[PROMPT]:
Make an exact copy of all the entries, with the pictures left out.

[DATA SHOWN]:

########

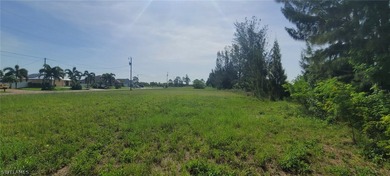 Freshwater canal lot!!! Are you looking to build your dream - photo 3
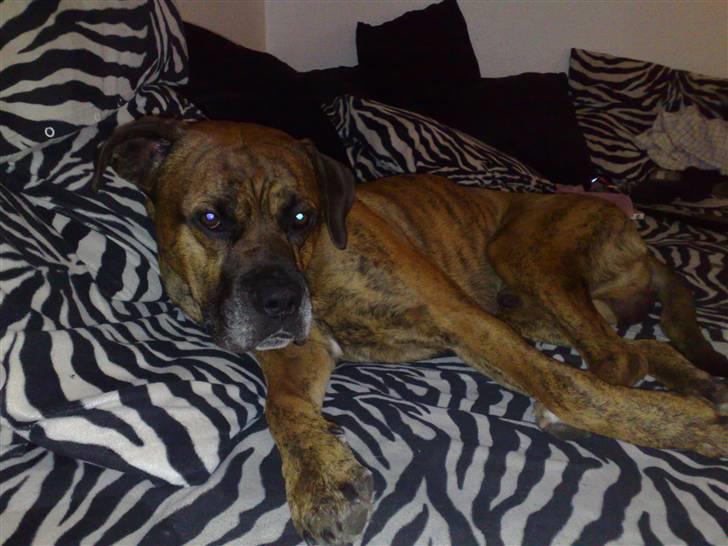 Blanding af racer Victor "All-Mighty" - Man skulle ikke tro det, men han elsker at putte... hehe billede 9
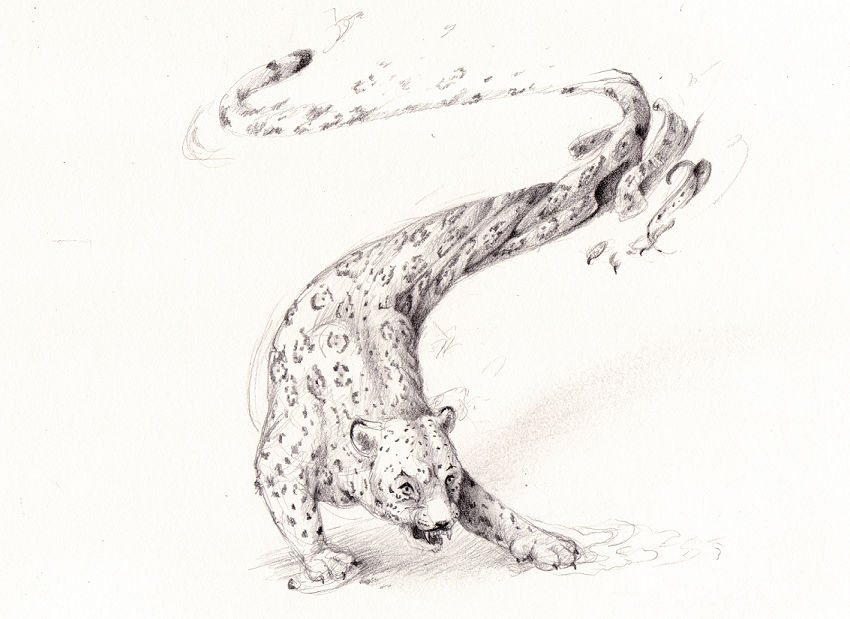 Jaguar by pretendpsychiatrist Jaguar by pretendpsychiatrist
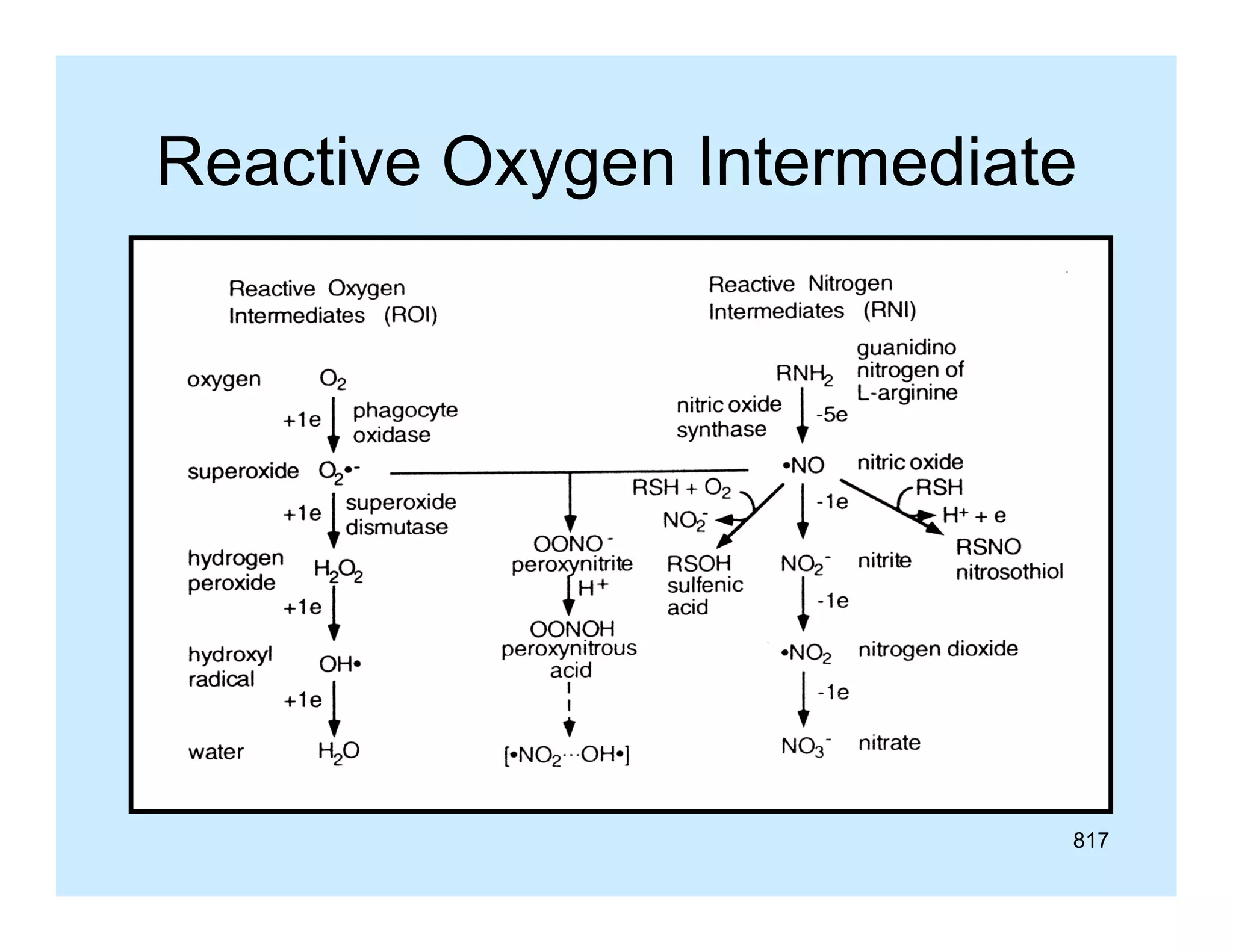 Reactive Oxygen Intermediate

817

########

[ANSWER BELOW]:
 Freshwater canal lot!!! Are you looking to build your dream - photo 3
 Blanding af racer Victor "All-Mighty" - Man skulle ikke tro det, men han elsker at putte... hehe billede 9
 Jaguar by pretendpsychiatrist Jaguar by pretendpsychiatrist
 Reactive Oxygen Intermediate

817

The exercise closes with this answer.